Task directions → Reproduce exactly the lines below from the one containing "Hemimycena candida image" through the one containing "You Wont Believe", including both, and nothing else.
====== Records supplied
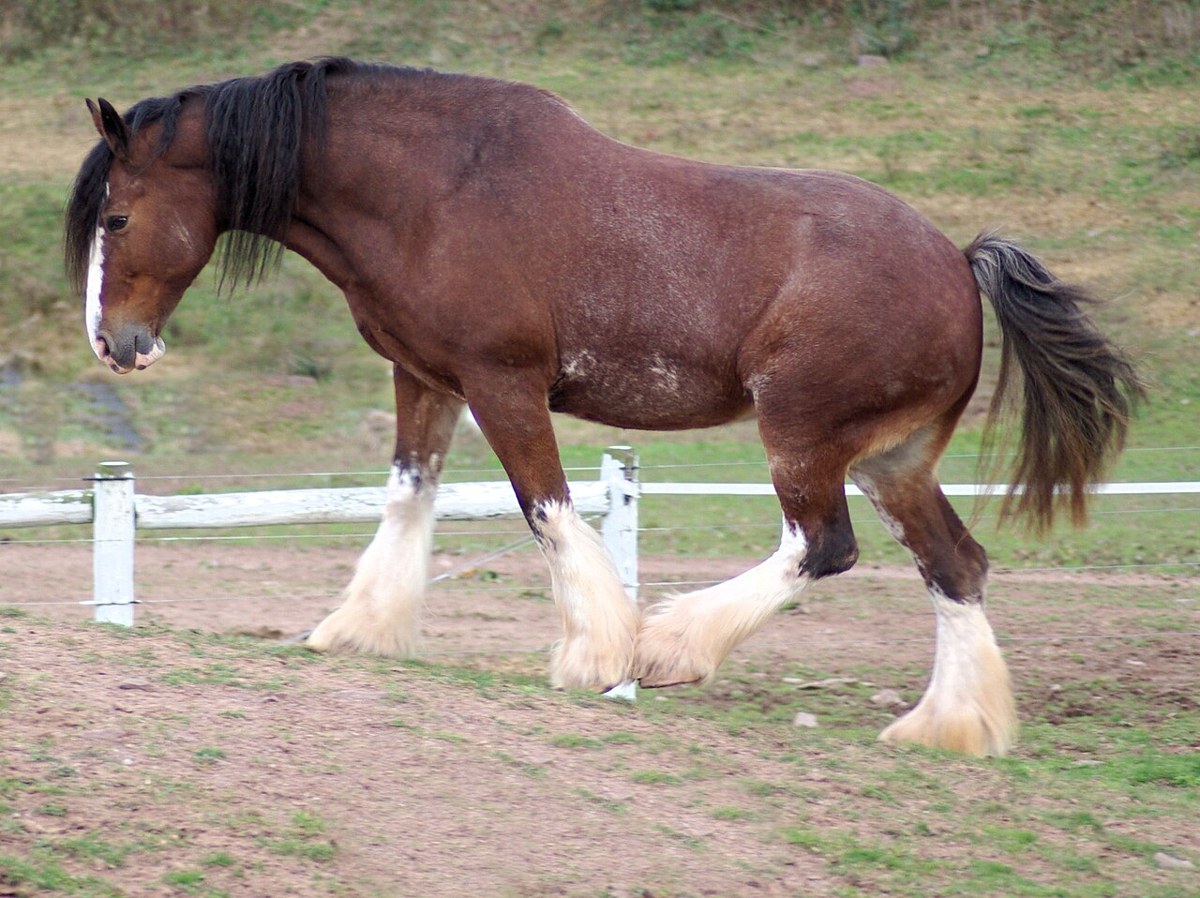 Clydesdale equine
============
====== Records supplied
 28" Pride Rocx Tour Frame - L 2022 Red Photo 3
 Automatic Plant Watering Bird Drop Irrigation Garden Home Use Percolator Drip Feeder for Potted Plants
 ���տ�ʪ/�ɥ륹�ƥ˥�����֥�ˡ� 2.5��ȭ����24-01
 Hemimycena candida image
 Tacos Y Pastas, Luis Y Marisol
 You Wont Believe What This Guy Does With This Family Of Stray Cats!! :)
============
Answer to the exercise →
 Hemimycena candida image
 Tacos Y Pastas, Luis Y Marisol
 You Wont Believe What This Guy Does With This Family Of Stray Cats!! :)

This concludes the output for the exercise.